President Lyndon Johnson four decades ago declared
Waterloo, N.Y., to be the official birthplace of
Decoration Day (as it was first called) but the
women of the South decorated the graves of their
fallen sons even before the Civil War ended,
commemorated in a hymn, “Kneel Where Our Loves Lie
Sleeping,” published in 1867. Memorial Day was first
“officially” declared the following year by Gen.
John A. Logan, commander of the Grand Army of the
Republic—not an army at all, but a forerunner of the
American Legion—who rode across the Potomac on May
30 of that year to decorate the graves of both Union
and Confederate dead. His decoration of Southern
graves was not widely appreciated by the Radical
Republicans who presided over the capital that time
of bitter division.
The most persuasive claim for the origin of a
decoration day is made by Columbus, Ga., where the
widow of Col. C.J. Williams of the 1st Georgia
Infantry tended his grave with their little
daughter, after he died in the early days of the
Civil War. She visited his grave every day, to sit
in reflection of “the mystic chords of memory” while
their little girl plucked weeds from unmarked graves
nearby and covered them with flowers. She called
them the graves of “my soldier boys.” A short time
later, as a contemporary account told it, “the dear
little girl was summoned by the angels to join her
father,” and the widow, now childless, took up the
little girl’s practice of caring for soldiers’
graves. In March 1868, about the time that Gen.
Logan was first thinking of visiting Arlington with
his flowers, the Widow Williams suggested setting
apart one day every year as the occasion for “love
to pay tribute to valor.” She suggested April 26,
and to this day in hundreds of graveyards across the
South women pay separate tribute to Southern valor
by placing tiny Confederate battle flags at the foot
of the graves of their honored dead.
From the beginning, the tribute to the memory of
sacrifice was an attempt to bridge the partisan
divide.
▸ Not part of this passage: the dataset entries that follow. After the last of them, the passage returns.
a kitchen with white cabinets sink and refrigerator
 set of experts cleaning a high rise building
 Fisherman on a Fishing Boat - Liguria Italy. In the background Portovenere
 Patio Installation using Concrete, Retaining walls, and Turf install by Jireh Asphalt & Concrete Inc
Politicians in both North and South were
eager to wave the bloody shirt come election time,
and it was the women who were, as usual, the
civilizing influence. But civilizing men, as most
any woman is eager to tell you, is not always easy.
The echoes of shot and shell that had summoned men
to battle were barely beginning to fade when America
stood at the cusp of war with Spain just as the
century ended. Not everyone though it was a good
idea to organize Southerners into an army so soon
after Appomattox. Someone had the good idea of
offering command to a former Confederate officer,
and to Gen. Joe Wheeler, a hard-hitting cavalry
commander from Alabama who briefly delayed Sherman’s
torching of Atlanta. He and his troops fought well
in Cuba, though in the din of battle at Las Guasimas
he forgot where he was and rallied his men with the
cry: “Let’s go, boys! We’ve got the damn Yankees on
the run again.”
He died with his boots on in Brooklyn a decade
later, pleased to parade in his uniform of Union
blue, and he is one of the few senior Confederate
officers allowed to sleep in a grave at Arlington.
The flags of the two American nations whose uniforms
he wore decorated his grave this year.